Vuelve José María Ruiz-Mateos a las portadas. Como hace veintiocho años, cuando aquella extraña expropiación –y luego, más extraña aún reprivatización—del imperio Rumasa: el otro 23-f. Confieso que siento un cierto afecto entrañable por este hombre patético, luchador, equivocado, que tantos perjuicios me provocó, intencionados unos, quizá no tanto otros.
Es el caso que, a raíz de un comentario radiofónico mío tras uno de los conocidos avatares del empresario jerezano –creo que fue a propósito de la payasada del enfrentamiento con Miguel Boyer–, me desperté un día con el aviso de que a numerosas redacciones madrileñas había llegado una trascripción de mis conversaciones telefónicas a través del móvil. Nada especialmente importante, aunque en una de ellas respondía a las preguntas de una redactora de una revista política sobre mis opiniones acerca de una posible abdicación del Rey, tema del que por entonces circulaban algunas especulaciones. Pero, en todo caso, el ver, negro sobre blanco, reproducido el contenido de mi privacidad me hizo sentir una sensación de náusea.
Puse el caso en manos del juez de guardia, acusando a Ruiz-Mateos, que había tenido la desfachatez de atribuirse el espionaje de mi teléfono y el envío de la trascripción nada menos que en una entrevista radiofónica, donde comentó algo así como ‘quien me la hace, la paga’, tergiversando de paso mis opiniones sobre los rumores de la abdicación. Como ya venía haciendo con otros casos en los que estaba involucrado, el peculiar empresario no compareció ante las citaciones del Juzgado, hasta que el magistrado, harto, ordenó su captura –fue detenido en un avión hacia Atenas—y encarcelamiento. Y en la cárcel pasó Ruiz-Mateos tres días hasta que, a petición de un familiar suyo, desistí de mi querella.
Luego tuve una relación distante, aunque no hostil, con un Ruiz-Mateos que ya era un juguete roto, si bien con pretensiones de renacimiento. Un día descubrí que uno de sus empleados, que tuvo alguna actuación pública bufonesca, se llamaba como yo, lo que me provocó no pocas molestias. Pero aprendí a compadecer, más que otra cosa, a aquel hombre capaz de gritar “malandrín, canalla”, durante todo el viaje, a cualquier ‘adversario’ –yo mismo, por ejemplo—sentado cuatro filas delante de él en un avión.

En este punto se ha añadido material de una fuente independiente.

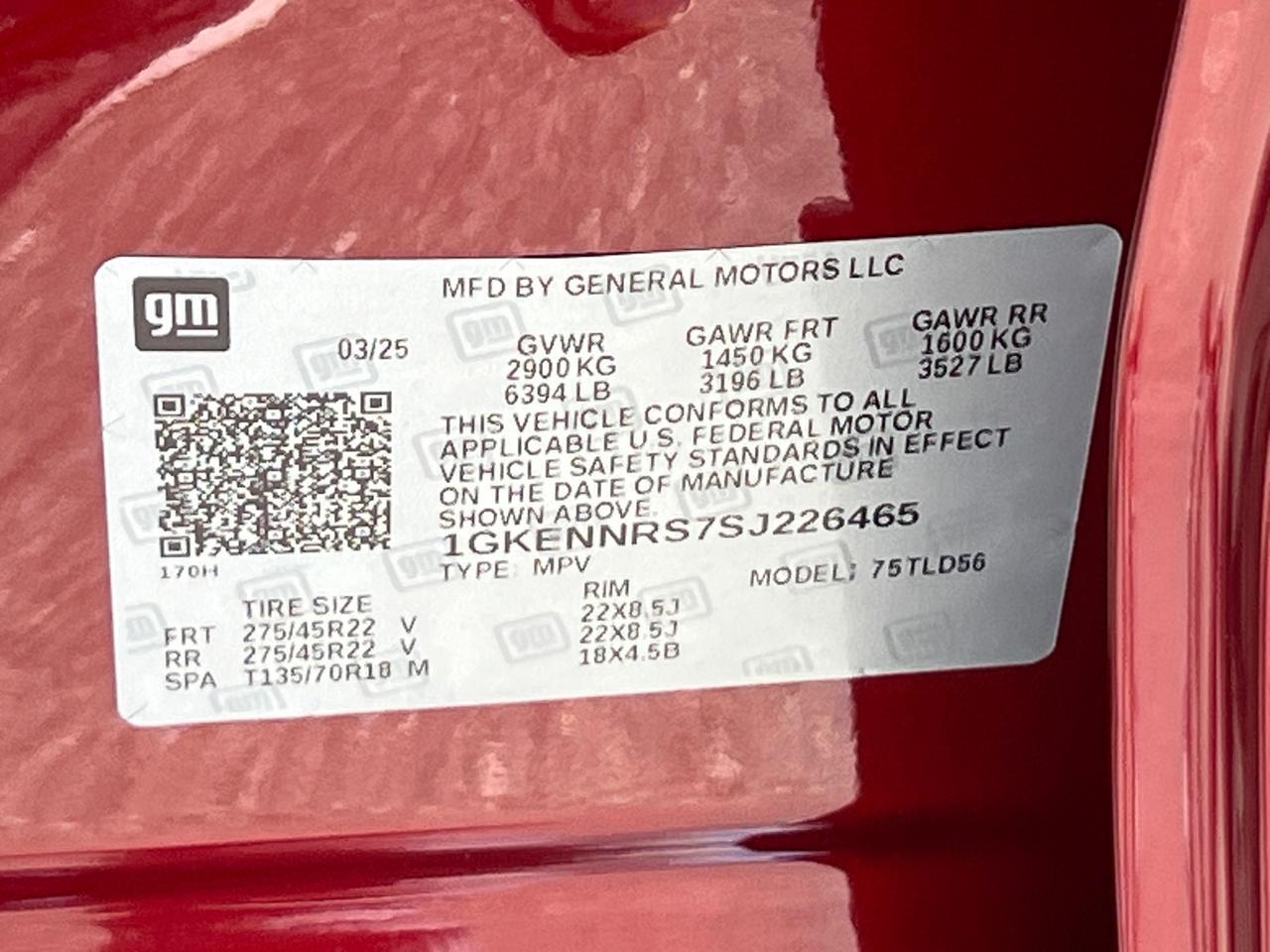 2025 GMC Acadia Elevation Hagerstown MD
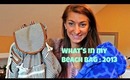 What's In My Beach Bag :: 2013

Cuento esta anécdota porque, simplemente, no comprendo cómo ha podido este personaje, ciertamente peculiar e irrepetible, generar la confianza de miles de inversores en su renacimiento empresarial. Cierto: fue maltratado hace casi tres décadas y aún hoy sigo dudando de la equidad de la decisión de Miguel Boyer al arrasar aquella Rumasa que fue la niña mimada del desarrollismo franquista. Pero no menos cierto es que Ruiz-Mateos, lo mismo que otros ex empresarios (o ex banqueros) que hoy quieren presentar una alternativa al sistema, sugería unos índices de confianza no demasiado elevados. ¿Quién pagará ahora los nuevos platos rotos?